__Materials provided__:
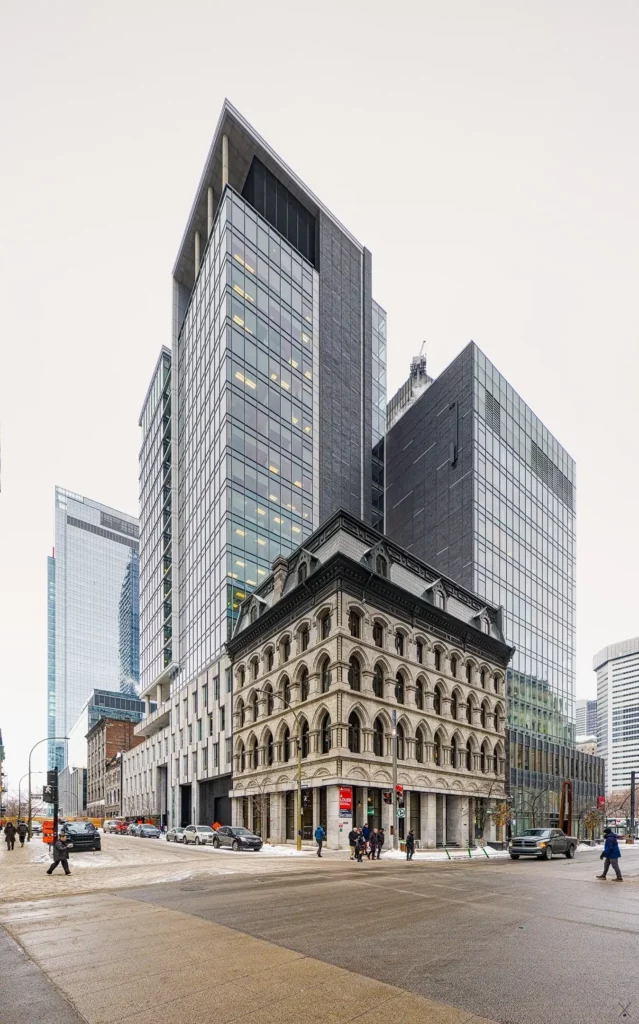 Montréal — janvier 2024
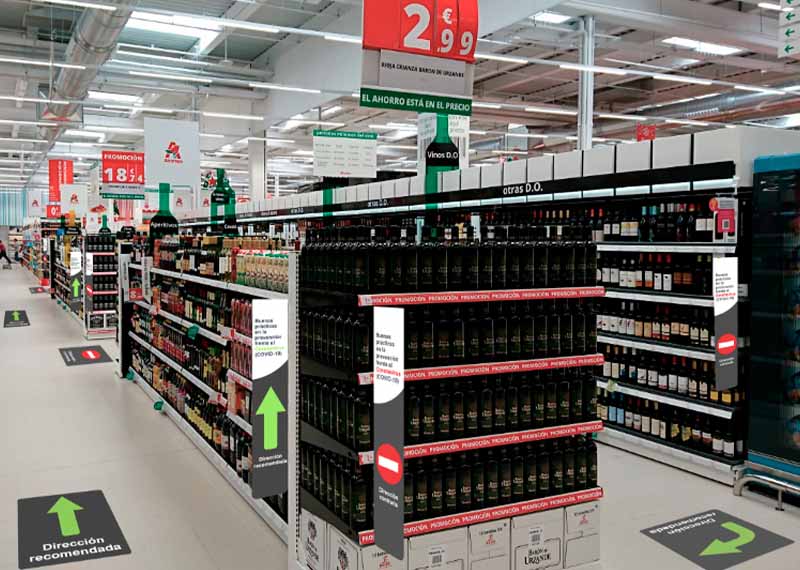 Un punto de venta seguro y protegido para clientes y empleados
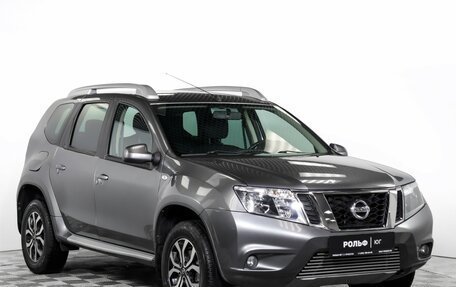 Nissan Terrano III, 2016 год, 1 195 000 рублей, 3 фотография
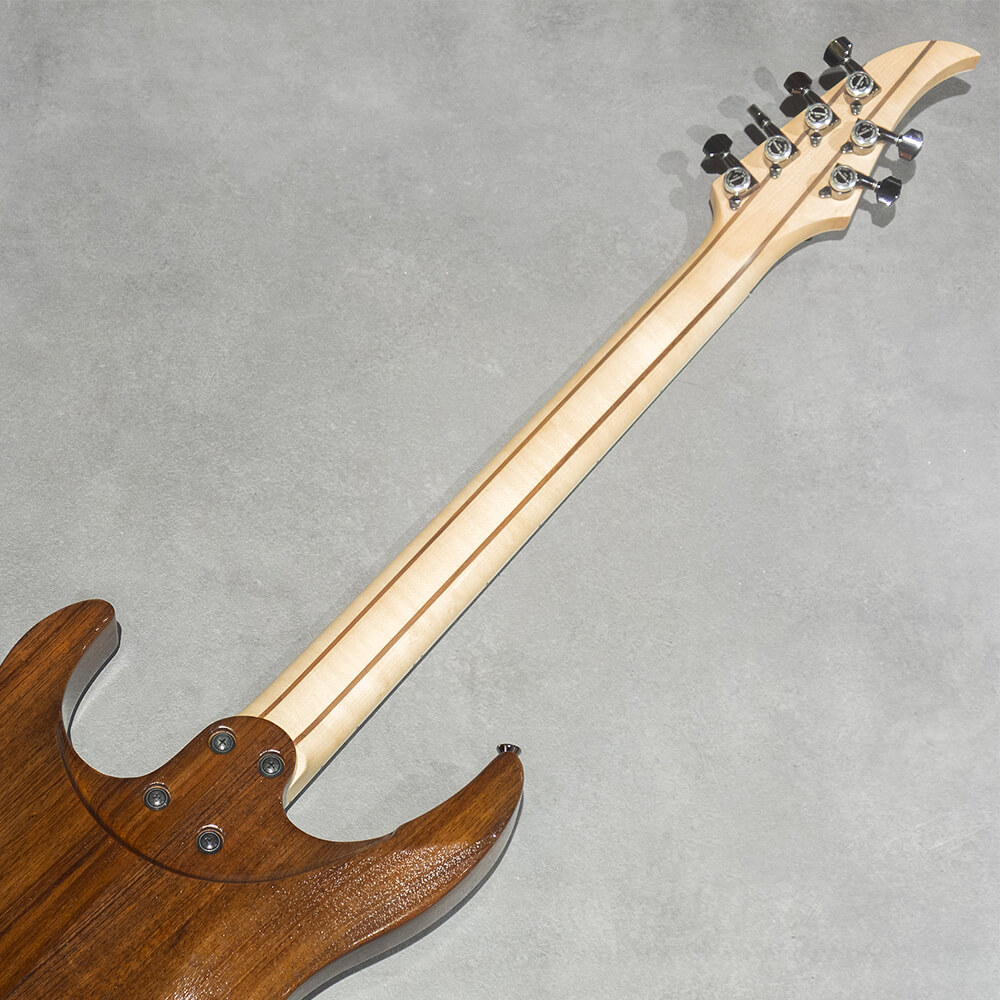 Caparison Dellinger II-WB-FX EF Natural｜ミュージックランドKEY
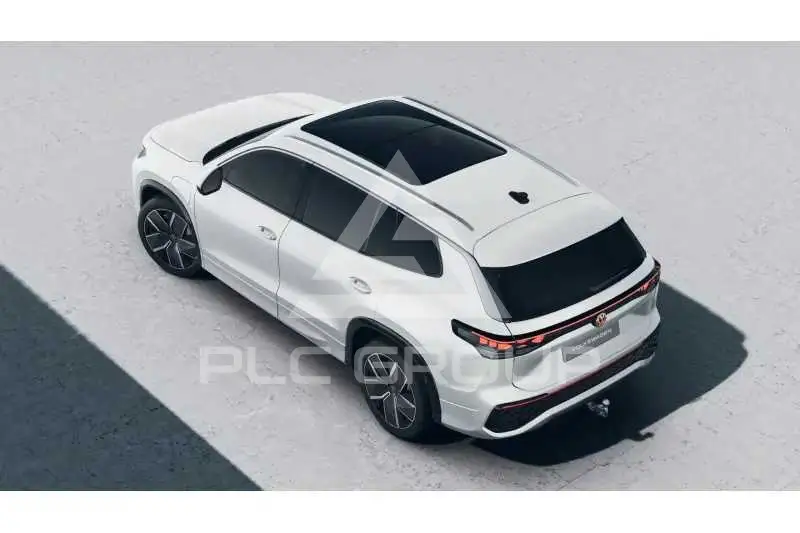 2026 Volkswagen Tayron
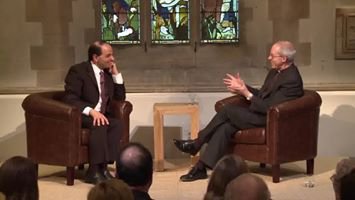 What's it like to order takeaway when you're the Archbishop of Canterbury?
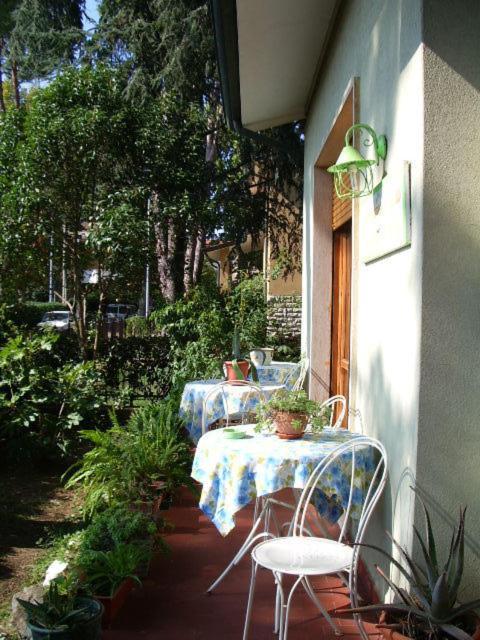 La Casa Nei Pini Bed & Breakfast Viareggio Exterior photo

__Exercise directions__:
Would you give the data above again word for word, skipping any images?

__Solution for this exercise__:
 Montréal — janvier 2024
 Un punto de venta seguro y protegido para clientes y empleados
 Nissan Terrano III, 2016 год, 1 195 000 рублей, 3 фотография
 Caparison Dellinger II-WB-FX EF Natural｜ミュージックランドKEY
 2026 Volkswagen Tayron
 What's it like to order takeaway when you're the Archbishop of Canterbury?
 La Casa Nei Pini Bed & Breakfast Viareggio Exterior photo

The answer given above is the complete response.